Static random-access memories (SRAMs) are used in a wide variety of applications ranging from ICs to embedded systems. As the demand for systems to reduce power consumption and increase speed continues to grow, these design requirements are passed on to a system's components, including SRAMs. In this thesis a number of novel schemes for reducing power and delay in SRAMs are presented. Memory access incorporates two different operations: the memory read and the memory write. To improve the performance of the memory write operation, seven different memory cell designs are proposed. Each of these designs has been extensively simulated in 180-nm CMOS technology for comparison with the standard six-transistor (6T) differential memory cell. The three cells performing the best in terms of energy consumption, delay and the energy-delay product demonstrate improvements of 27.6%, 12.3%, and 24.1% over the 6T cell, which uses 27.75 fJ and has an overwrite delay of 83.24 ps each write cycle. The memory read circuitry is modified at the column level as well as the cell level. To save the power used in pre-charging and pulling down the bit-lines each read access, the precharge signal and its pull-up transistors are removed. A series of bit-line pull-up schemes that only switch the bit-lines when necessary are discussed and the most effective designs are simulated thoroughly using 180-nm CMOS technology.

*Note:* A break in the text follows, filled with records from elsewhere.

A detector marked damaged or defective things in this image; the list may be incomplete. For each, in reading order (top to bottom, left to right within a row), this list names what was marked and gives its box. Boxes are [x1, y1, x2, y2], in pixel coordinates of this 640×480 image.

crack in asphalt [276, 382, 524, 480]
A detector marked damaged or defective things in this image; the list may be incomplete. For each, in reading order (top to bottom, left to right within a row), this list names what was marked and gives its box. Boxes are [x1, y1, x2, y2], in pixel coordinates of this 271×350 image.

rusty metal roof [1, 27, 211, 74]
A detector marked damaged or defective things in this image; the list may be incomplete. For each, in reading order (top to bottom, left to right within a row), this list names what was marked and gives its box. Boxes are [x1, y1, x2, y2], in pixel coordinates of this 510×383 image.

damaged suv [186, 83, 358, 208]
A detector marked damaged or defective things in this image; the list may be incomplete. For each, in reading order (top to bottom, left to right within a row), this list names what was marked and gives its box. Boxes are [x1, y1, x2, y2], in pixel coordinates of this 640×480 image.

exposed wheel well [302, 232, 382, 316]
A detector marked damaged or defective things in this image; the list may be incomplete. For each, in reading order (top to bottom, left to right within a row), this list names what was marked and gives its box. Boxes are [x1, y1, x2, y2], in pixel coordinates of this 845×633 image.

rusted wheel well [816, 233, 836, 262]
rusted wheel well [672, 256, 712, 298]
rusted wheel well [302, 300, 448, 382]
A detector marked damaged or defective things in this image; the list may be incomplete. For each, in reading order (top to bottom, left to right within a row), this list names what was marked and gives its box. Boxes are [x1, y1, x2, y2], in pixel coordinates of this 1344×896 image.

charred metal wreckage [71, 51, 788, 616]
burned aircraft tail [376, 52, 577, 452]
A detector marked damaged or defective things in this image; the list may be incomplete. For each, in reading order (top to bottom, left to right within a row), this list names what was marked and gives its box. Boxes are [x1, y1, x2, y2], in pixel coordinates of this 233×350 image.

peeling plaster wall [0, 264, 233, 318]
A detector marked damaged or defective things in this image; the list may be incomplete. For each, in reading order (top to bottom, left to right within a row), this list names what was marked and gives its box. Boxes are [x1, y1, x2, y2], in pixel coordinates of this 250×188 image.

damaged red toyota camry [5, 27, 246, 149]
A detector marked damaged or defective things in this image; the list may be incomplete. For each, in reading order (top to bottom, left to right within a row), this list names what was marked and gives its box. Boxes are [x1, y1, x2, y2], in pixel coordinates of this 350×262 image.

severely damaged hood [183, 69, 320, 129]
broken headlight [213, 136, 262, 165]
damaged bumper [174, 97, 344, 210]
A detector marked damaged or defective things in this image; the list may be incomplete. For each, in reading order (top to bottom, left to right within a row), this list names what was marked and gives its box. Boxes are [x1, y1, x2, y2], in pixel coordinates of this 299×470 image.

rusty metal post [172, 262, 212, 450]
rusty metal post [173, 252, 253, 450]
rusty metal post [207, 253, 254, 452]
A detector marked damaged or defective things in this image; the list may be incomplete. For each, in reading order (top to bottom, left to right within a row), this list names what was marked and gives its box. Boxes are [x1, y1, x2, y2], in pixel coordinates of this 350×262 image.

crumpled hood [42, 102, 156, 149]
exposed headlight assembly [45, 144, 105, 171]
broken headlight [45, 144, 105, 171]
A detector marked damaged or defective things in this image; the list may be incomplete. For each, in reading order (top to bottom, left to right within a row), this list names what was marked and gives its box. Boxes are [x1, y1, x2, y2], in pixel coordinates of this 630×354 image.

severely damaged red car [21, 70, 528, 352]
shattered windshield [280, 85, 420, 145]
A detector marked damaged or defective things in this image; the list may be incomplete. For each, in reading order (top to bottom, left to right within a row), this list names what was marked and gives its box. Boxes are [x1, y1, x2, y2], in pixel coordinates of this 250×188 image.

In comparison with the standard reading design, the novel delayed bit-line capture pull-up (DBCP) scheme yield minimum energy savings of 44.3% and improves delay by at least 22.7%. To ensure that the read logic works in conjunction with the memory write, four different test SRAMs containing the novel read designs are built in 90-nm technology. Each novel SRAM is compared with the standard SRAM implementation, which has a delay of 474.3 ps and dissipates an average of 521.3 fJ over a row of memory cells. The best results are achieved by the DBCP min style SRAM, with 28.6% power savings and a 39.6% improvement in delay. A discussion of the design tradeoffs when using a novel reading scheme is also included.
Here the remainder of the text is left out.